Auld Lang Syne

As another speeding year comes to an end I sigh with relief that it's done. I don't like how quickly they go, yet I love looking forward to the possibility of a year filled with new hope and promise of something better.

Like most, it's been a year of huge struggle, waiting with bated breath to find out exactly how the economy would hit us and where. Being in the state with the worst economic numbers it's been difficult and depressing at times. Yet, the company I work for has been blessed with a turn around that came as a wonderful surprise due to the unfortunate demise of another very large company. I can hardly believe that less than four months ago I watched my boss closely each Friday to find out if there would be a job waiting for me the following Monday. Now work awaits me each morning when I arrive!

And, maybe like you, our family has said good-bye to some beloved family members whose time has come and we are sort of bracing for the next adieu as our large family is aging gracefully. Many tears of joy and tears of sorrow have been shed this year believing that this is a necessary part of life, growth and change.

How timely that at my meeting the other night the topic was "relapse" as we looked hard at Step Eleven.

"Sought through prayer and meditation to improve our conscious contact with God, praying only for knowledge of His will for us and power to carry that out."

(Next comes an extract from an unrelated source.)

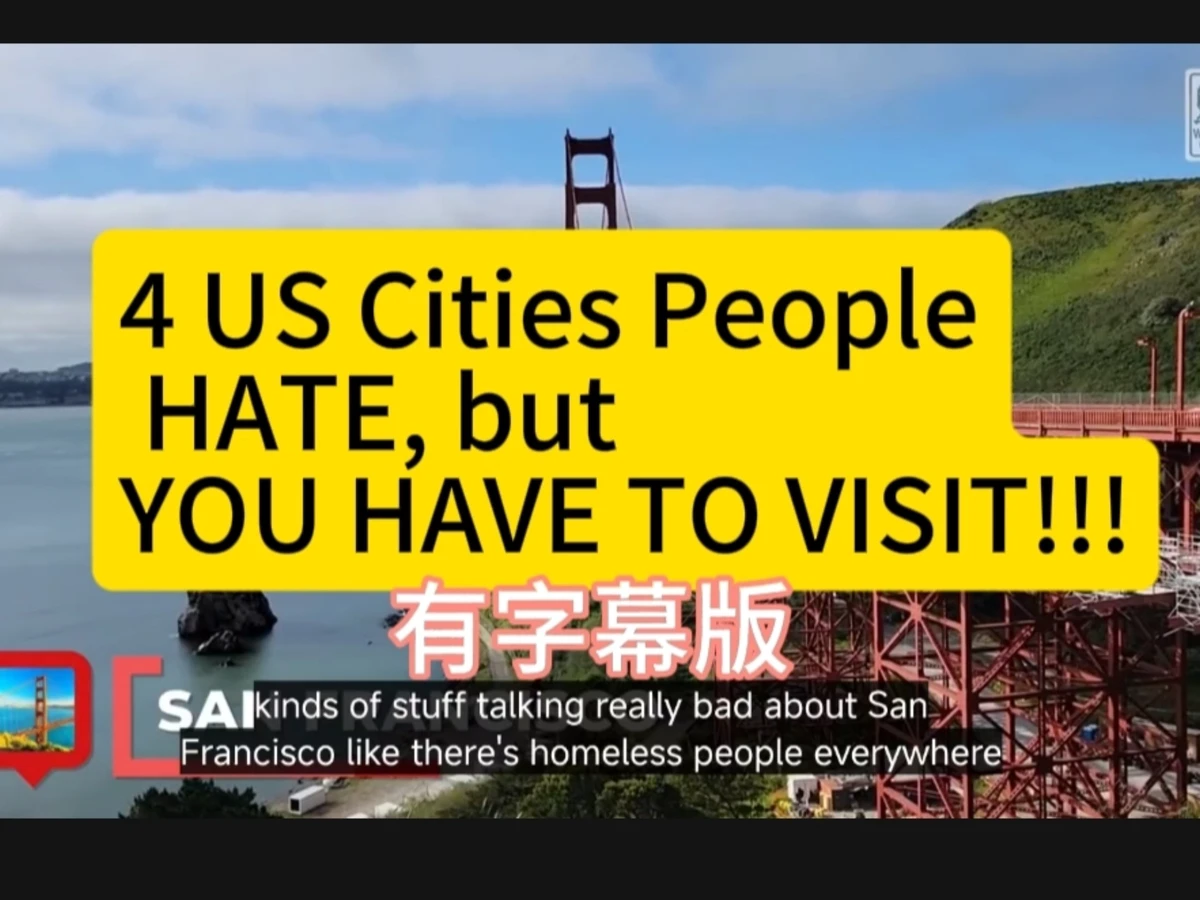Where are the best cities for quant trading in the US?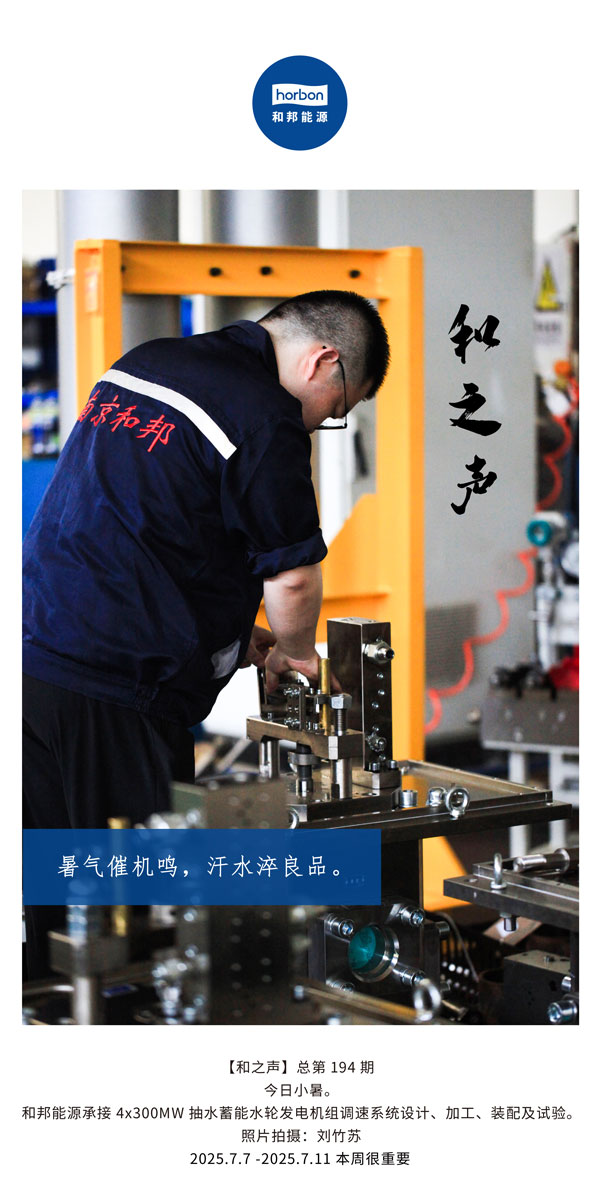 【和之声】(总第194期）暑气催机鸣，汗水淬良品。2025.7英文导出季度推送用.jpg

I wonder when I'll get life right. Sometimes I long for something that I can't have nor can I do anything about. Recently, I caught myself spinning my wheels and grieving almost as much as I did when I had to chase an addict yet this had nothing whatsoever to do with Cliff! I realized that I'm still digging out of old patterns and behaviors and that sometimes it still hurts. Evidently I still like to wear my rose-colored glasses and flip through the Norman Rockwell Family album certain that I'll find my clan there. Finally, I got my feelings back in check and was able to get a healthy grip on myself and my parameters of living. And so the saying that recovery is a process, not perfection, gets applied to my soul like a good sun screen. It's only helpful when I remember to use it.


So Auld Lang Syne, my friends: "We'll drink a cup of kindness yet for times gone by."


I'll have mine with marshmallows and sprinkles, while wearing my rosey glasses and tap shoes, thank you very much!


Somethings may never change! ;)

4 comments:

Debby of Oxycontin and Opiate Addiction: A Mother's Story said...

Happy New Year, my friend. Thank you for all of your support and encouragement!
Keep dancing!
Debby

The neverending battle of child's opiate addiction said...

Happy New year, I hope this year brings us all some peace.

limo hire said...

Have a great and prosperous new year.....2010

Syd said...

I had a glass or two of Welch's Sparkling Grape Juice and we toasted the new year a bit early. We were in bed by 10:30 PM!
I think that struggling with life is just natural. It's when I get stuck in life that I become concerned.